George Osborne Budget 2016 tax avoidance
Chancellor George Osborne holds up the red box as he sets off from Downing Street to deliver the 2016 Budget to the House of CommonsGetty

The chancellor's ambitious plans for a new "lifetime Isa" could encourage forthcoming generations of OAPs into reckless spending, according to pensions minister Baroness Altmann. George Osborne's proposed new "Lisa" would not be subject to income tax in the same way regular pensions currently are, which the Conservative peer believes would encourage them to withdraw their entire nest egg in one go – potentially leading to "millions of poor pensioners".

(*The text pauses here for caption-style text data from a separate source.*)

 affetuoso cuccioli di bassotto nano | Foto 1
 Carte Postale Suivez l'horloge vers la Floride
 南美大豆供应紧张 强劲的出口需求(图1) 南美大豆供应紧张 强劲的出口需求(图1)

The Lisa, which will be available from April 2017, is designed to help savers buy a first home, or to save for retirement past the age of 60. It will allow people, who must be under the age of 40 when they open their account, to put away up to £4,000 a year. The government will then give them a 25% bonus for every £1 that they put in – making for a bonus of up to £32,000 if someone pays in the maximum £128,000 from the ages of 18-50.

Speaking to the Times, Altmann agreed that it would help people join the property ladder, but insisted that there were significant downsides.

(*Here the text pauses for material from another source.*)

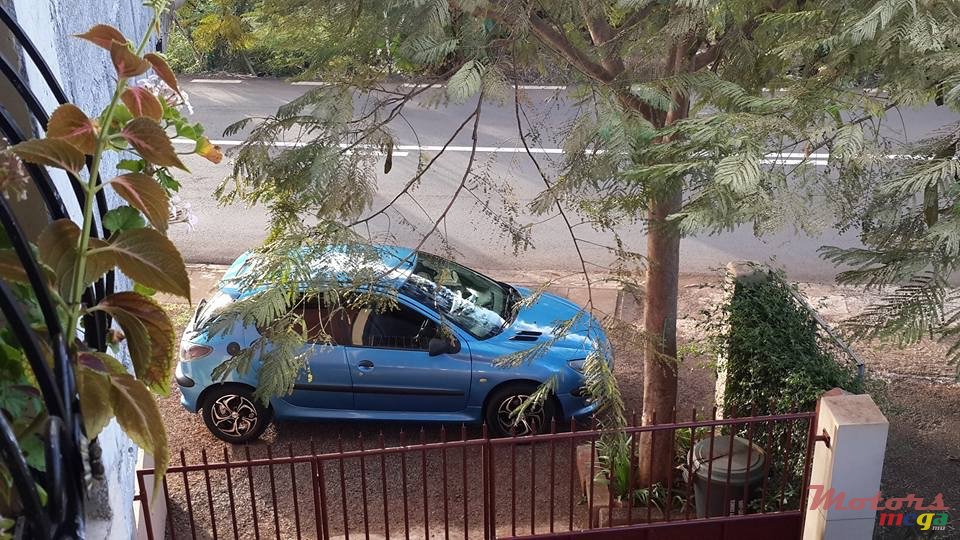 2001' Peugeot 206 photo #2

"It is vital that we retain incentives for people to keep money for much later life and not spend it at the age of 60," she said. "Lifetime savings need to be for a lifetime, with pensions that last into your 80s or 90s. Otherwise, we will have millions of poor pensioners in future."

Martin Lewis of moneysavingexpert.com says that the Lisa could be useful for savers with extra cash, but that it could be seen as Osborne sacrificing future tax revenues to add to those he gets now.

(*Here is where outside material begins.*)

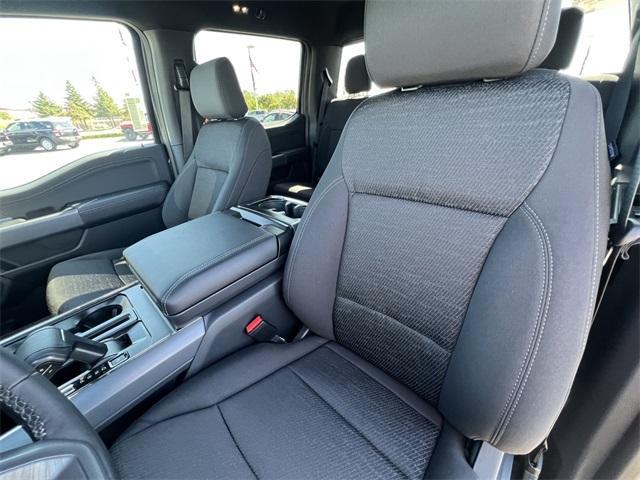 new 2025 Ford F-150 car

He wrote: "You can have this as well as a pension. Though remember, this is money that you save from your after-tax income, unlike pensions, which are from your pre-tax income.

"The real cleverness behind this for the Treasury is that if people use this rather than a pension, as it comes from taxed income, it gets the Treasury tax revenue now. If they put it in a pension, the Treasury has to wait years until it gets tax. So, this could be Mr Osborne cleverly grabbing cash out of future chancellors' pockets."